When Harrold took the photo to Audubon's Tavernier Science Center, the search began. Frezza too has long wondered where the visiting Everglades flamingos call home. Candidates have included Cuba and the Bahamas, as well as the Yucatan, each of which has significant colonies. Hialeah Park was also considered a possibility.
At least in this case, the Yucatan, specifically the Ria Lagartos Biosphere Reserve on the northern edge of the peninsula, was the answer.
Yucatan-based Niños y Crias -- "Children and Critters" in English -- has been banding and then tracking Ria Lagartos flamingos since 1999. Through partnerships, the organization also tracks the iconic birds in Cuba, the Bahamas and Venezuela.

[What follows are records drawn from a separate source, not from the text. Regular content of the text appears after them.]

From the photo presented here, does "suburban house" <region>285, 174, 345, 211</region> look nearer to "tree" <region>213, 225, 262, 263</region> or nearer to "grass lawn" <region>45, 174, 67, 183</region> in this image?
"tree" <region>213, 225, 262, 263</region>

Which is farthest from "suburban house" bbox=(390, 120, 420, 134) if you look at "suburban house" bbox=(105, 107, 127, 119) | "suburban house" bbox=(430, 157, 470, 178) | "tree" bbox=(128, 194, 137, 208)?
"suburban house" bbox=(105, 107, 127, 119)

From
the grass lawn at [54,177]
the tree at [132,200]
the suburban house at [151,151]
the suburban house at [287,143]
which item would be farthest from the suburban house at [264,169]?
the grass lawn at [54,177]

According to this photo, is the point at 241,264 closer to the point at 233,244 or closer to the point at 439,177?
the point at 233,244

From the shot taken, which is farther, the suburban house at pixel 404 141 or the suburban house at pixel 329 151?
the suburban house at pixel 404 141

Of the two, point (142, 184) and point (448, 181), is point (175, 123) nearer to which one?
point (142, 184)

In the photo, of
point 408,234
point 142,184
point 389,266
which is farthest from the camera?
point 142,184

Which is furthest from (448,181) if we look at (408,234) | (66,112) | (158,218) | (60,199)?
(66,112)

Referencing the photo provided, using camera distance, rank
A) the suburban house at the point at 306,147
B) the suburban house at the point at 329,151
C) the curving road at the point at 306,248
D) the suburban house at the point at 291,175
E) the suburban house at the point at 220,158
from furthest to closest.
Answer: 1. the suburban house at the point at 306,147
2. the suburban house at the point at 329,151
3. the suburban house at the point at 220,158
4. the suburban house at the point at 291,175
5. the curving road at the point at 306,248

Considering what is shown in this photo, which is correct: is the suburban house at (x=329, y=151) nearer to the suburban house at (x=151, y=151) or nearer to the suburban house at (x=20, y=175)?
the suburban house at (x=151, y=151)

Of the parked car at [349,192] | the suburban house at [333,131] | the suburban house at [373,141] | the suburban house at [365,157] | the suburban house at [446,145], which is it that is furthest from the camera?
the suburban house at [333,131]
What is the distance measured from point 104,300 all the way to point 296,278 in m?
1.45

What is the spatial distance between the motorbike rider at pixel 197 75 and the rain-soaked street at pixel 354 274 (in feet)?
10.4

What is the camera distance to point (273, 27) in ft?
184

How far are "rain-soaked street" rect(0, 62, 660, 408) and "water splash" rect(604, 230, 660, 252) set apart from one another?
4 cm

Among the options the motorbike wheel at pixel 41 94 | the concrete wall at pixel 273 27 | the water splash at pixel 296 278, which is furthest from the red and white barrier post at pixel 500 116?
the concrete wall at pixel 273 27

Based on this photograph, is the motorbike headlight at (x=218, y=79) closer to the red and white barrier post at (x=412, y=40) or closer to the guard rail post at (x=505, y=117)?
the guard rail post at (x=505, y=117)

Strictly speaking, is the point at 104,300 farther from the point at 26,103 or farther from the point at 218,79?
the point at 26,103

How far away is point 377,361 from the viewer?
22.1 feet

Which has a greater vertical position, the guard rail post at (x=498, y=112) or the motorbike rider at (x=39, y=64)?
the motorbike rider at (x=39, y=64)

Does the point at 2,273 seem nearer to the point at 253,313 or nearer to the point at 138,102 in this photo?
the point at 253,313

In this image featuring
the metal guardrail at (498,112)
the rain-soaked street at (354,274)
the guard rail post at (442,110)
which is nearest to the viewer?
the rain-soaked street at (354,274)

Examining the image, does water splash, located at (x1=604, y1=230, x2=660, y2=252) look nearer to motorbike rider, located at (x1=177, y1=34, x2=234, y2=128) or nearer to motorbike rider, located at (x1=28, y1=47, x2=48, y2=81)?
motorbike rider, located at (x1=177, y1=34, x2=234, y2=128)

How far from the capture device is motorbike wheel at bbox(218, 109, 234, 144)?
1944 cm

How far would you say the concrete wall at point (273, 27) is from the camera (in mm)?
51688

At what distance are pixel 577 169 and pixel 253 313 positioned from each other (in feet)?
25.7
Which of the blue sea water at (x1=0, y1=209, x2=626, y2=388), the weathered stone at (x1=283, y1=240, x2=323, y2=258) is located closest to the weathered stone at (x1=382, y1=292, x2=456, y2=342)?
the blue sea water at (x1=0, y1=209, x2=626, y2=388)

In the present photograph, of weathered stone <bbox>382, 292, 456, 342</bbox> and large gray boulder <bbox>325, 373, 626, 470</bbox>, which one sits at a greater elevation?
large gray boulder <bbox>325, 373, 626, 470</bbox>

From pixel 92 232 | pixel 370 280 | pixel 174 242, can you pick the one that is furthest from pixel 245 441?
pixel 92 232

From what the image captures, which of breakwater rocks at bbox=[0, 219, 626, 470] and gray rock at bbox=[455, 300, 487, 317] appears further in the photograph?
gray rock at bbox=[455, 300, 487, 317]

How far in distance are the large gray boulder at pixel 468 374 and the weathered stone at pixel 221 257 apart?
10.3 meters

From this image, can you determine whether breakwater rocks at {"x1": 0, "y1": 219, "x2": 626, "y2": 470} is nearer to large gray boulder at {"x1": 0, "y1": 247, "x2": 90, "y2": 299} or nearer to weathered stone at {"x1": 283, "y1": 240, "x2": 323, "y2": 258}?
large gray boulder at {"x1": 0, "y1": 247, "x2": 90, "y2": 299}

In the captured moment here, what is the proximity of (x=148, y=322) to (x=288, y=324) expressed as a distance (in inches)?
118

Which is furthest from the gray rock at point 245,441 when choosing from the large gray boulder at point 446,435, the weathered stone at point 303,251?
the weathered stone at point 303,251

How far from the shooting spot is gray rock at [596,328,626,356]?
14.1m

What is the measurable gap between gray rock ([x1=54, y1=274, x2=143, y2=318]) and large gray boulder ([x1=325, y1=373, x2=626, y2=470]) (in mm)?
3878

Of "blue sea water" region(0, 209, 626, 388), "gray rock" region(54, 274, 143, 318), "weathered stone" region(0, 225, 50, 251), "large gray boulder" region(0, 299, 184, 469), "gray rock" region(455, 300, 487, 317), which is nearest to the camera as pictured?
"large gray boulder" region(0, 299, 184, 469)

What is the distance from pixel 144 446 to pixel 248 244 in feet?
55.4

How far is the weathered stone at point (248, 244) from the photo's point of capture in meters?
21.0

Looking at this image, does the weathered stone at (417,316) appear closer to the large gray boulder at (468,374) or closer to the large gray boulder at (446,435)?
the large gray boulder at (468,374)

In total, said Executive Director Rodrigo Migoya, Niños y Crias has banded 3,500 Yucatan birds over the past 13 years. Of those, more than half have been sighted at a later date.
But Niños y Crias has received only seven reports of Ria Lagartos birds from outside the Yucatan, including three this year from Cuba. There was also one other Everglades sighting in 2002. That bird, said Migoya, returned to the Yucatan in 2003.
This latest flamingo, which Harrold said was still inhabiting the flats of Florida Bay last week, was banded as a fledgling two years ago. Like the one from a decade ago, and like another Yucatan flamingo that Migoya said has spent the past seven years in Texas, it arrived around the time of a hurricane -- in this case Isaac, which was a tropical storm as it passed Key West.
Flamingos likely venture far afield, to places like the Everglades, for food, Migoya said. Tracking programs like the one developed by Niños y Crias can help scientists learn more about such behavior, and about the makeup of the flamingo population.
"This is wonderful that these researchers, using these bands, can help explain a little bit of the mystery of these flamingos," Frezza said.